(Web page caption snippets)
________________________________________
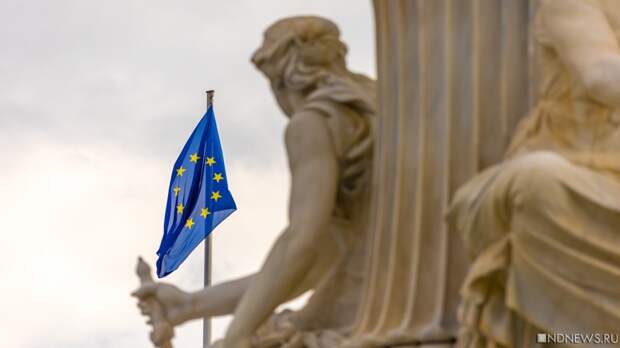 Европейские суды отменяют до 20% санкций против россиян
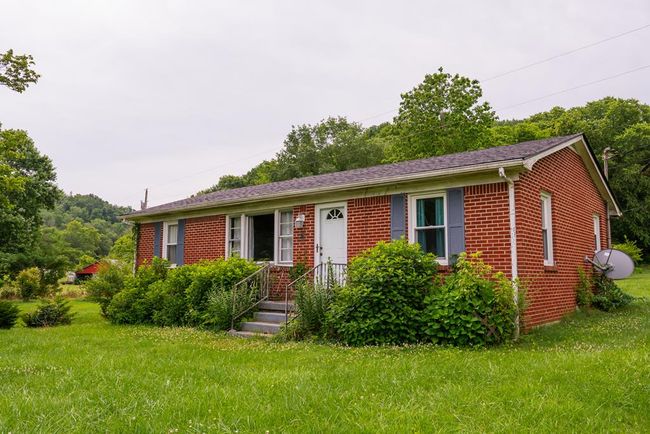 280 Blue Hill Ln, Home with 3 bedrooms, 1 bathrooms and 1 parking in Gainesboro TN | Image 36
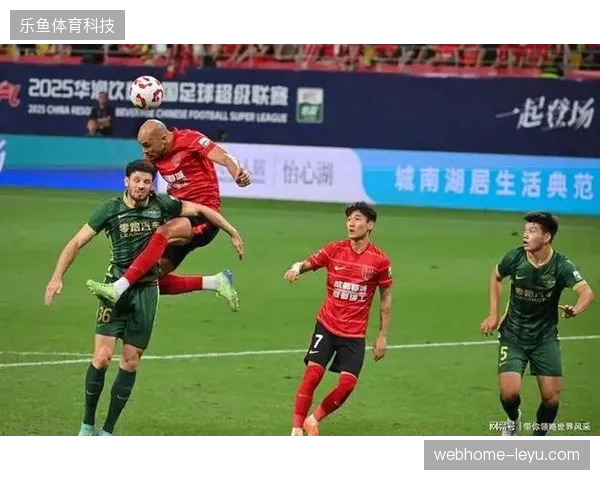 板凳深度决定争冠走向，2026赛季中超替补球员已成各队战术博弈关键变量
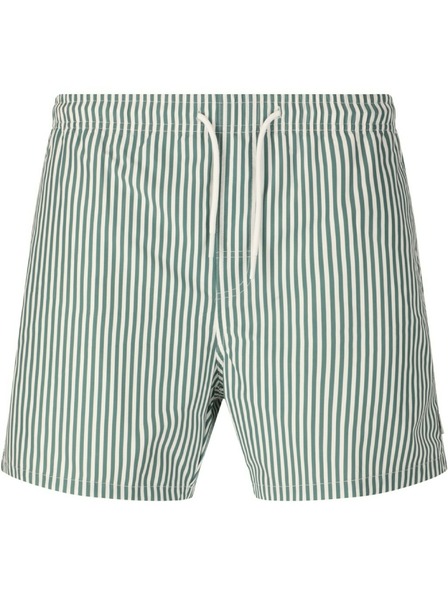 Nou Moške plavalne kratke hlače Nou Ciro M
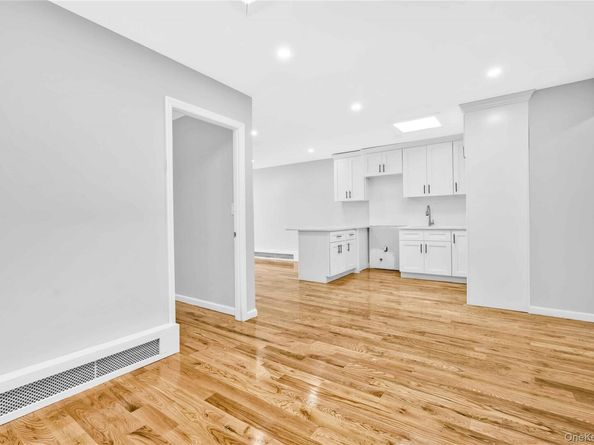 738 E. 222 Street, Bronx NY 10467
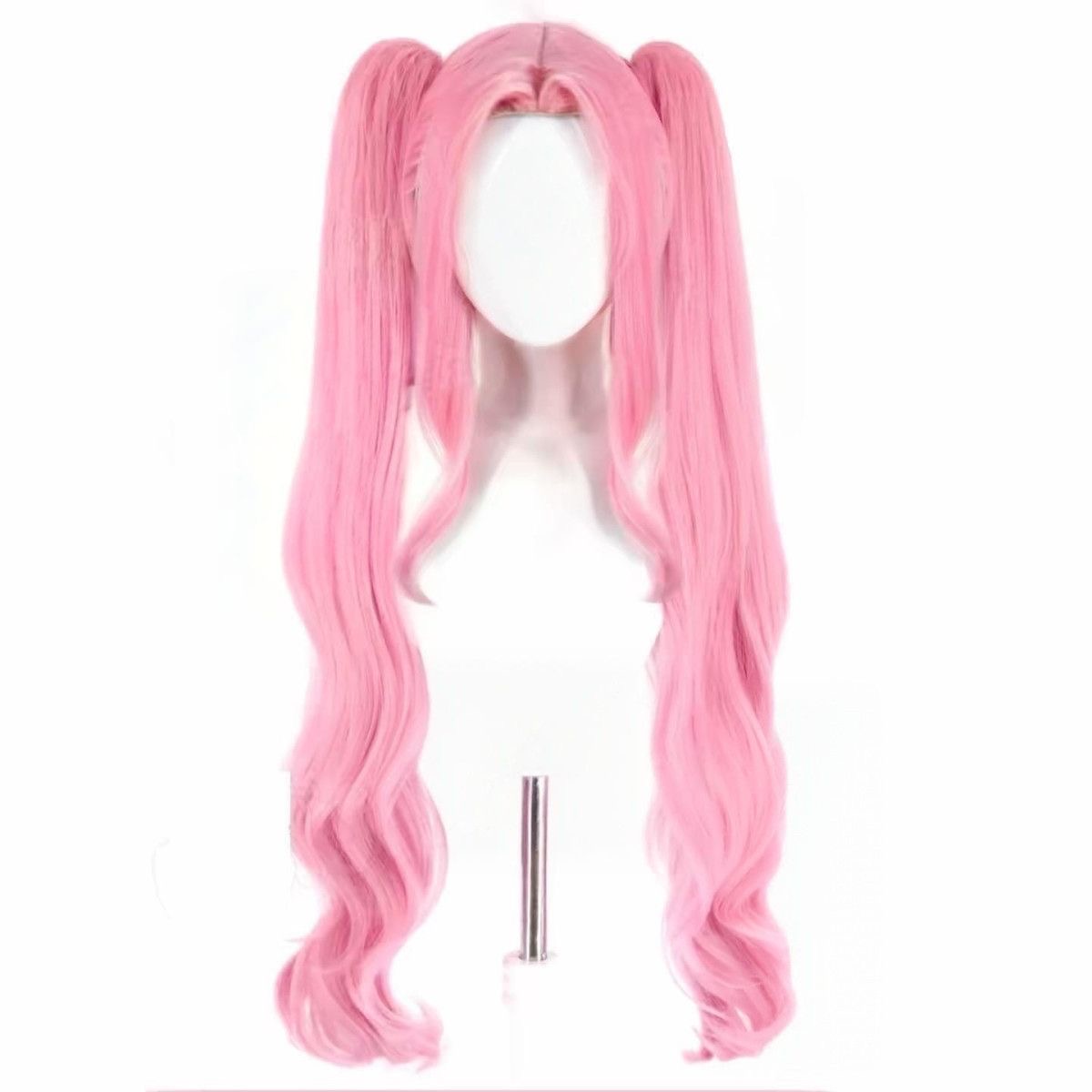 Anime Alien stage Zombie Stage - Anime Zombie Cosplay recension och pris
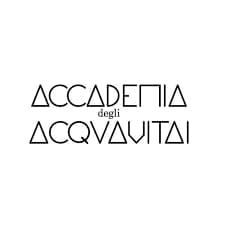 Accademia logo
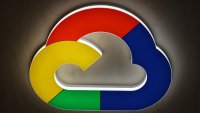 Google и Blackstone създават общ бизнес за AI облачни услуги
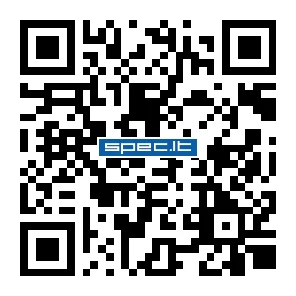 QR kodas | Asociacija Kartu Daugiau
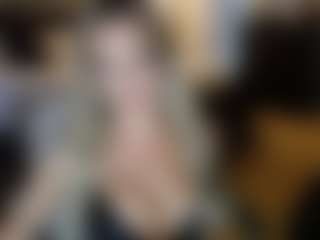 Tristan Blair X's Live Sex Cam Show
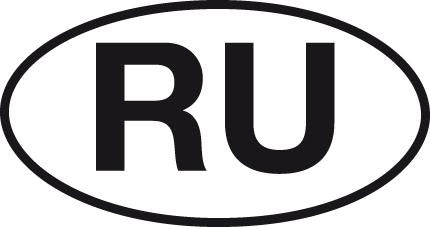 Pasta curatare pentru maini Greven® Soft Ultra, tub 250 ml, GREVEN - sefira.ro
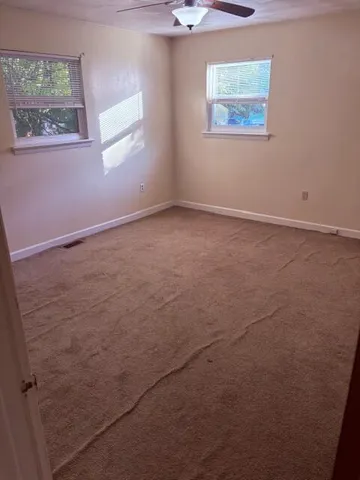 $1,225 | 3341 Colonial Avenue Southwest, Unit 3341, Roanoke, VA 24018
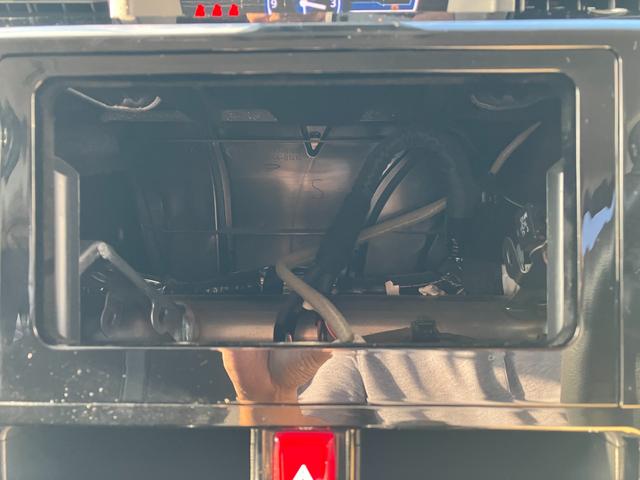 オーディオレス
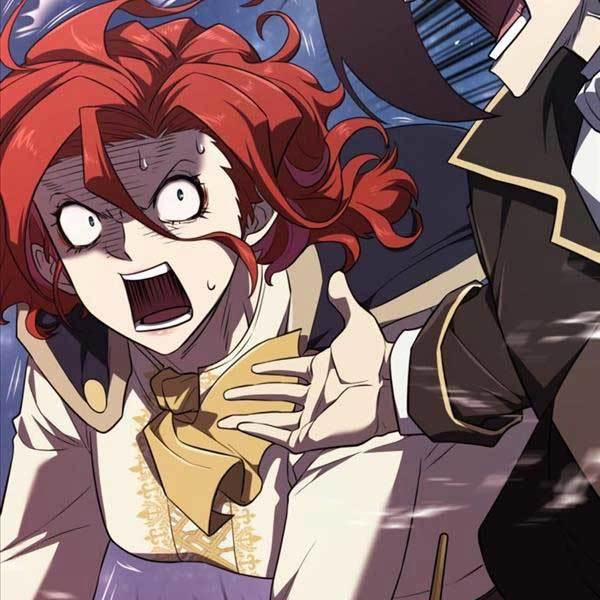 Kĩ Sư Bá Nhất Thế Giới 107 trang 42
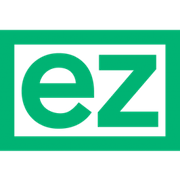 ezCater, Inc logo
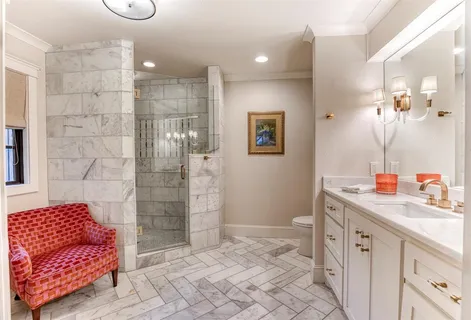 $2,500,000 | 5929 Club Oaks Drive, Dallas, TX 75248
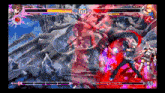 Naoto Kurogane Edge Of Eternity GIF - Naoto Kurogane Edge Of Eternity Astral Finish GIFs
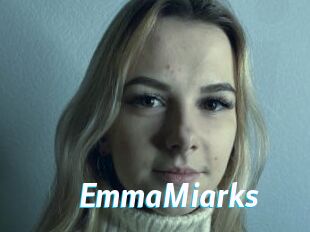 EmmaMiarks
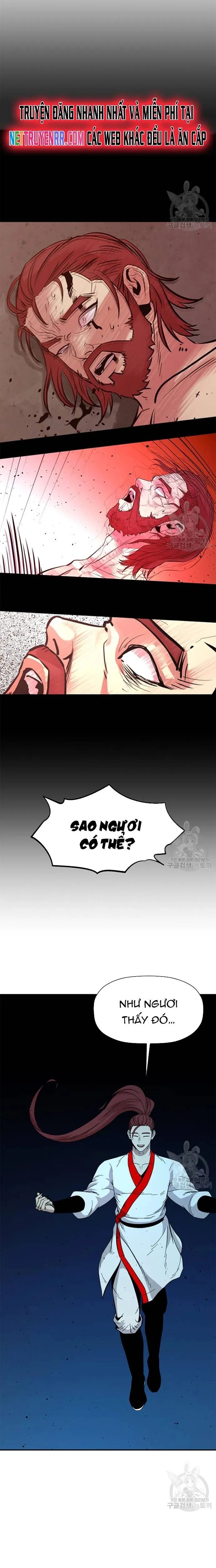 Học Giả Trở Lại Chapter 177 - 22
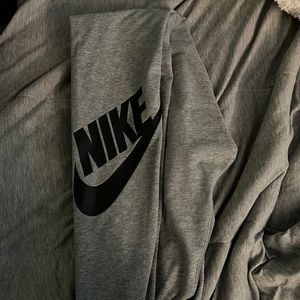 Nike leggings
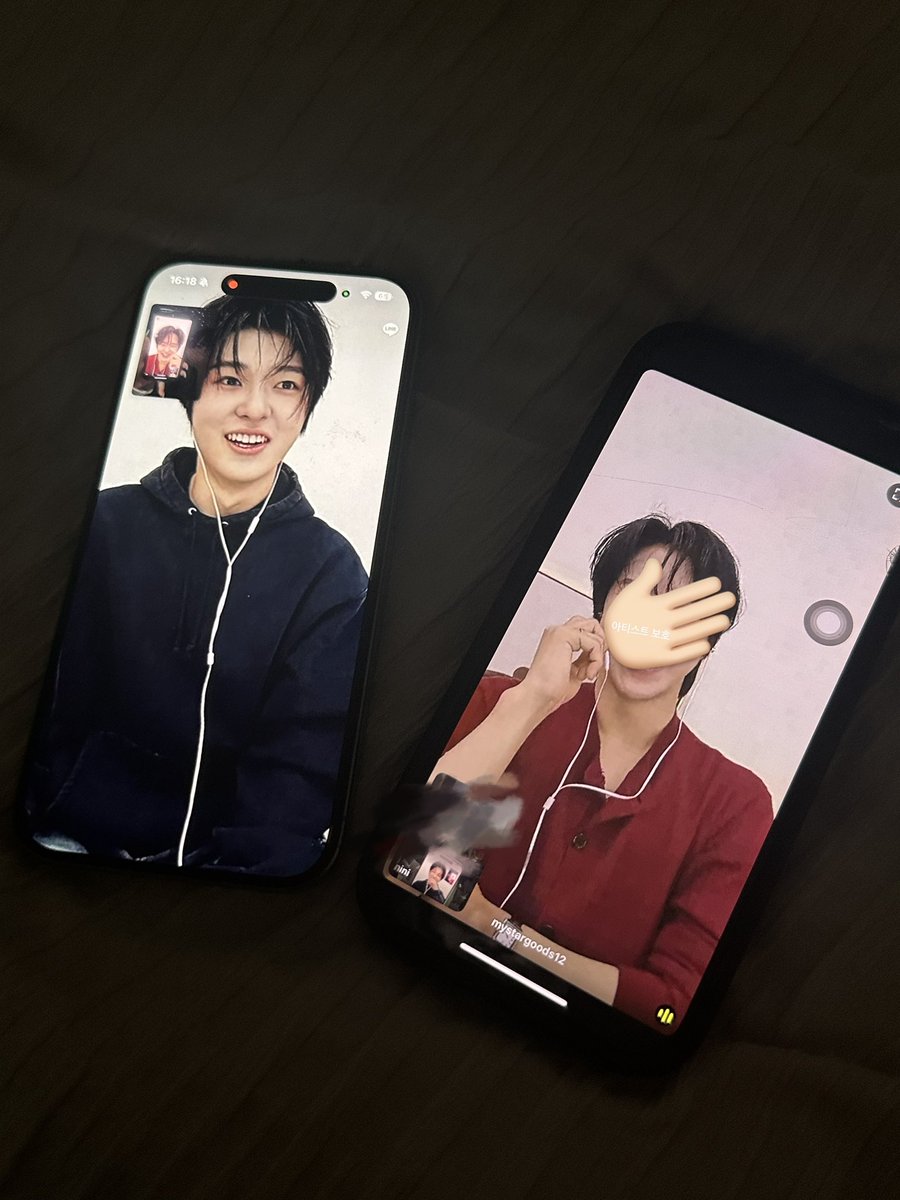 xxxxna07's tweet photo. 그래.. https://t.co/qxXTkqHOrW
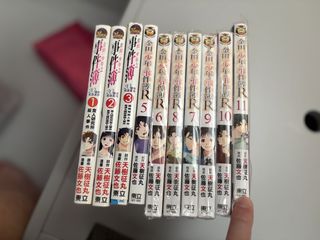 （分類：）位於 。 由 gualti 提交（商品編號 1446169278，圖片 1）。簡介： 。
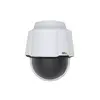 IP videonovērošanas kamera Axis P5654-E Mk II 50HZ Photo 2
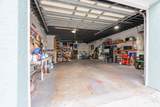3712 Mockingbird Hill - Photo 44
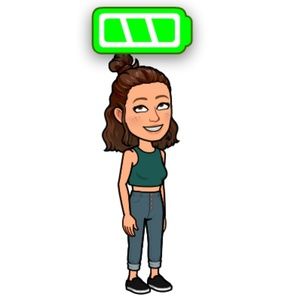 Meet your Posher, Seven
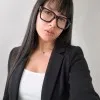NANCY PAOLA GUERRERO RODRIGUEZ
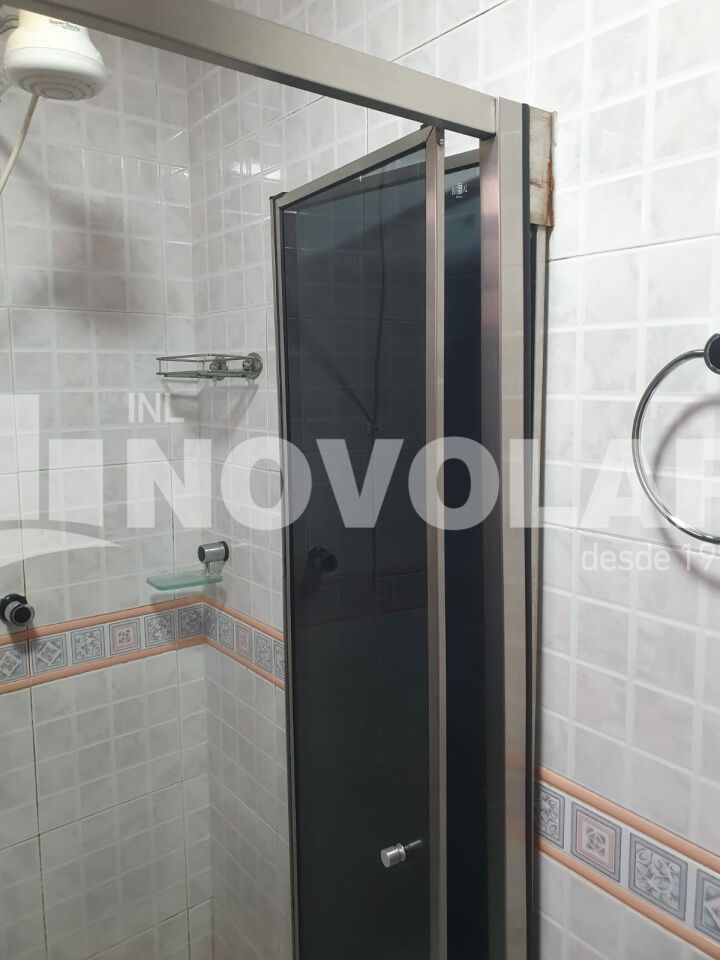 Foto 22 do imóvel VM219826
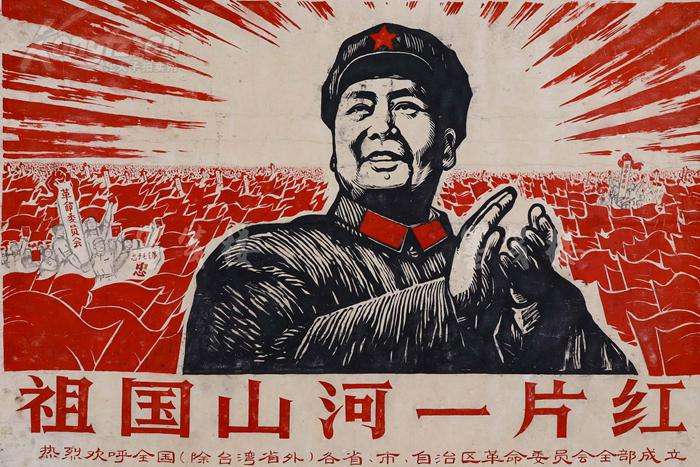 微信图片_20191205105455.jpg 微信图片_20191205105455.jpg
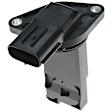 245-1375 Mass Air Flow Sensor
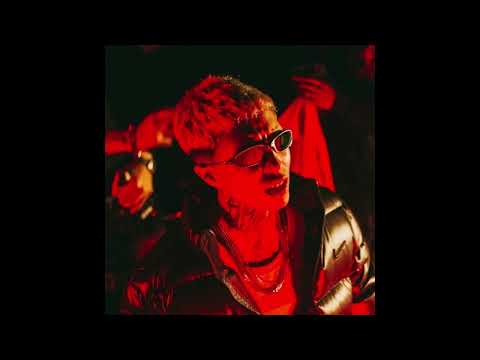 [FREE] Massaru x EF x Baby T Detroit Type Beat ~ ''Artifício''🧨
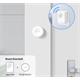 TP-Link Tapo S200B - Smart button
________________________________________
### What the task asks
Nothing but an exact copy is needed, covering the lines from the line with "Nike leggings" through the last line of the entries, pictures excluded.

### Solution for this exercise
 Nike leggings
 xxxxna07's tweet photo. 그래.. https://t.co/qxXTkqHOrW
 （分類：）位於 。 由 gualti 提交（商品編號 1446169278，圖片 1）。簡介： 。
 IP videonovērošanas kamera Axis P5654-E Mk II 50HZ Photo 2
3712 Mockingbird Hill - Photo 44
 Meet your Posher, Seven
NANCY PAOLA GUERRERO RODRIGUEZ
 Foto 22 do imóvel VM219826
 微信图片_20191205105455.jpg 微信图片_20191205105455.jpg
 245-1375 Mass Air Flow Sensor
 [FREE] Massaru x EF x Baby T Detroit Type Beat ~ ''Artifício''🧨
 TP-Link Tapo S200B - Smart button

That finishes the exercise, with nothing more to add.